Que eu lembre, a última vez que fui ao zoológico eu deveria ter uns nove anos de idade e ainda andava de mãos dadas com meus pais. Depois disso, acho que foi agora, aos quarenta e três. O zoológico continua exatamente o mesmo, não mudou absolutamente nada. O lugar continua honesto nas lembranças.
O lugar me lembra um cheiro forte, uma mistura de fezes de diversos animais com cheiro de gambá ou zorrilho, sei lá. Esse cheiro ainda está lá! É o cheiro característico do lugar.
Em relação às comilanças a honestidade também permanece. Lá ainda se vende o que se espera de um Zoológico, ou seja, pipoca, algodão doce e maça do amor. Graças a Deus, os chips, os crepes, e o Mcdonalds estão longe desse lugar, ainda.
Todos aqueles animais que povoam nosso imaginário infantil continuam lá para a alegria de seus visitantes. Avistei muitas crianças e jovens acompanhados de seus pais, tios, madrinhas, avós, enfim gente querida que levava pela mão gente querida também.
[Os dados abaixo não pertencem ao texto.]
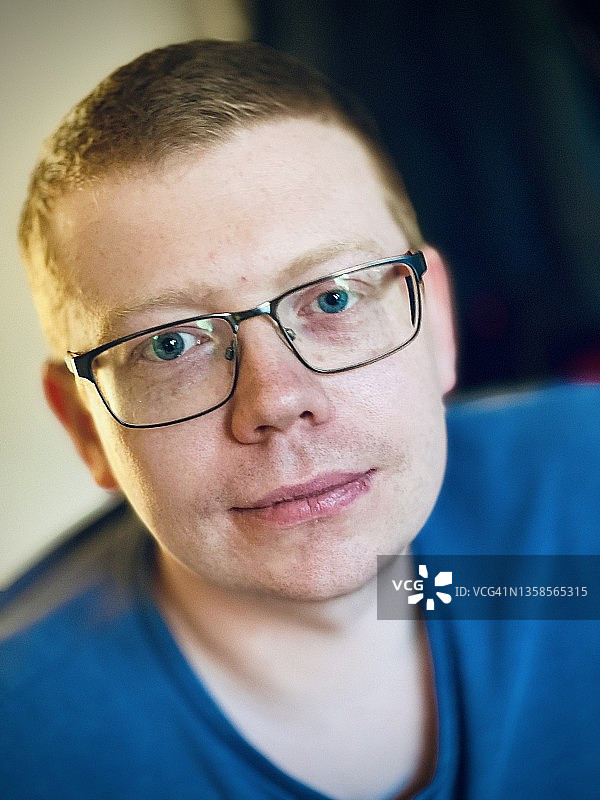 男子严肃地看着镜头特写图片素材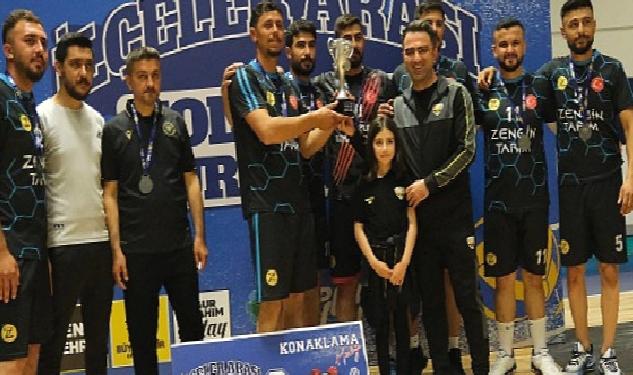 Konya Büyükşehir’in İlçeler Arası Voleybol Turnuvası’nda Şampiyon Çumra Oldu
Até porque ninguém vai passear no zoológico com seus desafetos. É um risco.
O leão está velhinho velhinho, mas ainda consegue uivar de forma amedrontadora como convém ao Rei da Selva. Seguem vivendo um anoitecer após o outro os macacos, urso, zebras, antas, girafas, cobras, tartarugas, elefantes, hipopótamos, camelos, jabuti, lobos, jacarés e uma centena de aves coloridas de verdade. Aquilo é que é policromia pura.
Foi um passeio agradável se não fosse por um detalhe: o local é extremamente mal sinalizado e eu acabei caminhando além da conta por um caminho que eu imaginei que daria na saída. Morta de cansaço refiz o caminho de volta porque a saída era para o lado oposto. Eu já estava me sentindo a própria vovozinha sendo comida pelo Lobo. O sol se pondo e eu presa lá dentro. Sinceramente, esqueci minha idade. Senti-me uma garotinha assustada, usando rabo de cavalo e com o coração que parecia querer saltar pela boca. Ainda bem que as minhas três acompanhantes nem perceberam, porque ali eu era a mão que segurava as outras e dessa mão nunca se espera a fraqueza, embora ela exista também.